HOW TO COMPLETE THIS TASK:
Each entry needs to be copied exactly, with nothing left out.
----------------
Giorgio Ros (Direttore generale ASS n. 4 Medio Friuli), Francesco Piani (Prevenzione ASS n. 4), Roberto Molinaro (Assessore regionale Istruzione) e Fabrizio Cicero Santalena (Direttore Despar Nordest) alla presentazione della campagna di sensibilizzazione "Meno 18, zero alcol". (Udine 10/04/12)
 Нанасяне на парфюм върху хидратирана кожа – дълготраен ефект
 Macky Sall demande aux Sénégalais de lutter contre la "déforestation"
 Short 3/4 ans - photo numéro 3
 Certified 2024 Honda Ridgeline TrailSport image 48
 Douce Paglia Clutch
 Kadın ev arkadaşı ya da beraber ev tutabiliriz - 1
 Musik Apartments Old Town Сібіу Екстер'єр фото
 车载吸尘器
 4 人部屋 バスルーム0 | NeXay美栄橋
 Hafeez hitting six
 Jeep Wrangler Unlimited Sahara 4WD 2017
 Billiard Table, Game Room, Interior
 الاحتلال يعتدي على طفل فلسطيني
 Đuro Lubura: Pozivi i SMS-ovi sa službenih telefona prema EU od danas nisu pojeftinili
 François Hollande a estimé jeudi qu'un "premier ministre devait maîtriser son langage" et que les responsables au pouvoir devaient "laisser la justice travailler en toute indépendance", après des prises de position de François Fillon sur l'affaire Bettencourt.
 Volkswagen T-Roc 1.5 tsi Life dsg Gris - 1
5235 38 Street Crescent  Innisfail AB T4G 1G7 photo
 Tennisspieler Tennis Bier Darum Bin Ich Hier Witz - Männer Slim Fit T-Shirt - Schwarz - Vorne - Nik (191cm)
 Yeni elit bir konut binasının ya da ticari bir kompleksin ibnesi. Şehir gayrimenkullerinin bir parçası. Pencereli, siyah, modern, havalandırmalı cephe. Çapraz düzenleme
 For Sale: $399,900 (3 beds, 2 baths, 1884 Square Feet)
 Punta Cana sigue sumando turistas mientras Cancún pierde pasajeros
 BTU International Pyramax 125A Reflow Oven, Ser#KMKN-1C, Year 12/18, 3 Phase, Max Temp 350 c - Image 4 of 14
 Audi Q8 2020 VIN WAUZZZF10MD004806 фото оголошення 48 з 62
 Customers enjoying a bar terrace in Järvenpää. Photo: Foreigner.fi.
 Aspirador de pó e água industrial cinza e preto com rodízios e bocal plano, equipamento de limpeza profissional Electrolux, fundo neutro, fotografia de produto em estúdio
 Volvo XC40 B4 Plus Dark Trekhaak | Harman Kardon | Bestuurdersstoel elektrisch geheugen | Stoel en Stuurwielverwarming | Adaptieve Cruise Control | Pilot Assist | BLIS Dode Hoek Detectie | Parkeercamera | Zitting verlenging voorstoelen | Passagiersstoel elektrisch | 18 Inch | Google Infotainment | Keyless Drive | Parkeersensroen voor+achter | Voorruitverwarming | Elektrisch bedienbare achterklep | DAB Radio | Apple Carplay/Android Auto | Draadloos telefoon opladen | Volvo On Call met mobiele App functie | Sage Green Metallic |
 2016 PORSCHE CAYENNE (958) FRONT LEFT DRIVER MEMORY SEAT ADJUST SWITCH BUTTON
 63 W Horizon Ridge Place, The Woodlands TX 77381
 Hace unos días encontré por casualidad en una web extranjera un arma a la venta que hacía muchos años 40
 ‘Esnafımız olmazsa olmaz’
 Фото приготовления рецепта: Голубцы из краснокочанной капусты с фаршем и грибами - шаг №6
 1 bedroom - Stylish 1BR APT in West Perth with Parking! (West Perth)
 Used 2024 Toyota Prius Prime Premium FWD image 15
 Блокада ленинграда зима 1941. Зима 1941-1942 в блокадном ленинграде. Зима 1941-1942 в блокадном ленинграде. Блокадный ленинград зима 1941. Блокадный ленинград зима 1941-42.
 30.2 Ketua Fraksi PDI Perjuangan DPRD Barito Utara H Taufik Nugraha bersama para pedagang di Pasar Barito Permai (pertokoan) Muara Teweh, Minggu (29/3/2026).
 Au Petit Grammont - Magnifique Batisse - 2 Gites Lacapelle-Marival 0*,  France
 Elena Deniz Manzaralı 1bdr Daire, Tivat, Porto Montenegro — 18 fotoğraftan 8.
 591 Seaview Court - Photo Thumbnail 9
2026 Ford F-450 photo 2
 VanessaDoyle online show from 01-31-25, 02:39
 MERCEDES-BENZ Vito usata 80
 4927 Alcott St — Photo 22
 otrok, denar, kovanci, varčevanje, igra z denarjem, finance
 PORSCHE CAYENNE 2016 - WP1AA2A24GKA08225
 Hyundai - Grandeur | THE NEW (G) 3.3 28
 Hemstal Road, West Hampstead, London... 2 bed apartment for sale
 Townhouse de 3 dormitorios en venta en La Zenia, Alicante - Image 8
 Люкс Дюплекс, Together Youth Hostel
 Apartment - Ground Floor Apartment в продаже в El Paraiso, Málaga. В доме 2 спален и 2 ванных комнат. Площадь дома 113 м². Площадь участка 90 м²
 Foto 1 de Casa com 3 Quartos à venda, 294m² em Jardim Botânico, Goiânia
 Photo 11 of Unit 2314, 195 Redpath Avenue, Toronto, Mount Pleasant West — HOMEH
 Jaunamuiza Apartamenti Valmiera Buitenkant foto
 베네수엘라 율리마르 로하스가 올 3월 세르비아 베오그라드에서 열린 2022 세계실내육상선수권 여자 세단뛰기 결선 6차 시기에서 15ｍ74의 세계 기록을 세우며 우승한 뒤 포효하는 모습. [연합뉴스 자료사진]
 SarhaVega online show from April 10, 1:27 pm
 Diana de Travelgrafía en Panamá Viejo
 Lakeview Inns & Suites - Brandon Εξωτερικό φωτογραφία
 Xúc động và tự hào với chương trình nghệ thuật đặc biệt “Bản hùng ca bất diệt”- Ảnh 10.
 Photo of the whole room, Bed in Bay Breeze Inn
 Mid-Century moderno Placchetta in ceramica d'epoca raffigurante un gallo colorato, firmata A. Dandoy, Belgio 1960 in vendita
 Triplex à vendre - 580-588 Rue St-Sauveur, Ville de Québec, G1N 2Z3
----------------
RESPONSE:
Giorgio Ros (Direttore generale ASS n. 4 Medio Friuli), Francesco Piani (Prevenzione ASS n. 4), Roberto Molinaro (Assessore regionale Istruzione) e Fabrizio Cicero Santalena (Direttore Despar Nordest) alla presentazione della campagna di sensibilizzazione "Meno 18, zero alcol". (Udine 10/04/12)
 Нанасяне на парфюм върху хидратирана кожа – дълготраен ефект
 Macky Sall demande aux Sénégalais de lutter contre la "déforestation"
 Short 3/4 ans - photo numéro 3
 Certified 2024 Honda Ridgeline TrailSport image 48
 Douce Paglia Clutch
 Kadın ev arkadaşı ya da beraber ev tutabiliriz - 1
 Musik Apartments Old Town Сібіу Екстер'єр фото
 车载吸尘器
 4 人部屋 バスルーム0 | NeXay美栄橋
 Hafeez hitting six
 Jeep Wrangler Unlimited Sahara 4WD 2017
 Billiard Table, Game Room, Interior
 الاحتلال يعتدي على طفل فلسطيني
 Đuro Lubura: Pozivi i SMS-ovi sa službenih telefona prema EU od danas nisu pojeftinili
 François Hollande a estimé jeudi qu'un "premier ministre devait maîtriser son langage" et que les responsables au pouvoir devaient "laisser la justice travailler en toute indépendance", après des prises de position de François Fillon sur l'affaire Bettencourt.
 Volkswagen T-Roc 1.5 tsi Life dsg Gris - 1
5235 38 Street Crescent  Innisfail AB T4G 1G7 photo
 Tennisspieler Tennis Bier Darum Bin Ich Hier Witz - Männer Slim Fit T-Shirt - Schwarz - Vorne - Nik (191cm)
 Yeni elit bir konut binasının ya da ticari bir kompleksin ibnesi. Şehir gayrimenkullerinin bir parçası. Pencereli, siyah, modern, havalandırmalı cephe. Çapraz düzenleme
 For Sale: $399,900 (3 beds, 2 baths, 1884 Square Feet)
 Punta Cana sigue sumando turistas mientras Cancún pierde pasajeros
 BTU International Pyramax 125A Reflow Oven, Ser#KMKN-1C, Year 12/18, 3 Phase, Max Temp 350 c - Image 4 of 14
 Audi Q8 2020 VIN WAUZZZF10MD004806 фото оголошення 48 з 62
 Customers enjoying a bar terrace in Järvenpää. Photo: Foreigner.fi.
 Aspirador de pó e água industrial cinza e preto com rodízios e bocal plano, equipamento de limpeza profissional Electrolux, fundo neutro, fotografia de produto em estúdio
 Volvo XC40 B4 Plus Dark Trekhaak | Harman Kardon | Bestuurdersstoel elektrisch geheugen | Stoel en Stuurwielverwarming | Adaptieve Cruise Control | Pilot Assist | BLIS Dode Hoek Detectie | Parkeercamera | Zitting verlenging voorstoelen | Passagiersstoel elektrisch | 18 Inch | Google Infotainment | Keyless Drive | Parkeersensroen voor+achter | Voorruitverwarming | Elektrisch bedienbare achterklep | DAB Radio | Apple Carplay/Android Auto | Draadloos telefoon opladen | Volvo On Call met mobiele App functie | Sage Green Metallic |
 2016 PORSCHE CAYENNE (958) FRONT LEFT DRIVER MEMORY SEAT ADJUST SWITCH BUTTON
 63 W Horizon Ridge Place, The Woodlands TX 77381
 Hace unos días encontré por casualidad en una web extranjera un arma a la venta que hacía muchos años 40
 ‘Esnafımız olmazsa olmaz’
 Фото приготовления рецепта: Голубцы из краснокочанной капусты с фаршем и грибами - шаг №6
 1 bedroom - Stylish 1BR APT in West Perth with Parking! (West Perth)
 Used 2024 Toyota Prius Prime Premium FWD image 15
 Блокада ленинграда зима 1941. Зима 1941-1942 в блокадном ленинграде. Зима 1941-1942 в блокадном ленинграде. Блокадный ленинград зима 1941. Блокадный ленинград зима 1941-42.
 30.2 Ketua Fraksi PDI Perjuangan DPRD Barito Utara H Taufik Nugraha bersama para pedagang di Pasar Barito Permai (pertokoan) Muara Teweh, Minggu (29/3/2026).
 Au Petit Grammont - Magnifique Batisse - 2 Gites Lacapelle-Marival 0*,  France
 Elena Deniz Manzaralı 1bdr Daire, Tivat, Porto Montenegro — 18 fotoğraftan 8.
 591 Seaview Court - Photo Thumbnail 9
2026 Ford F-450 photo 2
 VanessaDoyle online show from 01-31-25, 02:39
 MERCEDES-BENZ Vito usata 80
 4927 Alcott St — Photo 22
 otrok, denar, kovanci, varčevanje, igra z denarjem, finance
 PORSCHE CAYENNE 2016 - WP1AA2A24GKA08225
 Hyundai - Grandeur | THE NEW (G) 3.3 28
 Hemstal Road, West Hampstead, London... 2 bed apartment for sale
 Townhouse de 3 dormitorios en venta en La Zenia, Alicante - Image 8
 Люкс Дюплекс, Together Youth Hostel
 Apartment - Ground Floor Apartment в продаже в El Paraiso, Málaga. В доме 2 спален и 2 ванных комнат. Площадь дома 113 м². Площадь участка 90 м²
 Foto 1 de Casa com 3 Quartos à venda, 294m² em Jardim Botânico, Goiânia
 Photo 11 of Unit 2314, 195 Redpath Avenue, Toronto, Mount Pleasant West — HOMEH
 Jaunamuiza Apartamenti Valmiera Buitenkant foto
 베네수엘라 율리마르 로하스가 올 3월 세르비아 베오그라드에서 열린 2022 세계실내육상선수권 여자 세단뛰기 결선 6차 시기에서 15ｍ74의 세계 기록을 세우며 우승한 뒤 포효하는 모습. [연합뉴스 자료사진]
 SarhaVega online show from April 10, 1:27 pm
 Diana de Travelgrafía en Panamá Viejo
 Lakeview Inns & Suites - Brandon Εξωτερικό φωτογραφία
 Xúc động và tự hào với chương trình nghệ thuật đặc biệt “Bản hùng ca bất diệt”- Ảnh 10.
 Photo of the whole room, Bed in Bay Breeze Inn
 Mid-Century moderno Placchetta in ceramica d'epoca raffigurante un gallo colorato, firmata A. Dandoy, Belgio 1960 in vendita
 Triplex à vendre - 580-588 Rue St-Sauveur, Ville de Québec, G1N 2Z3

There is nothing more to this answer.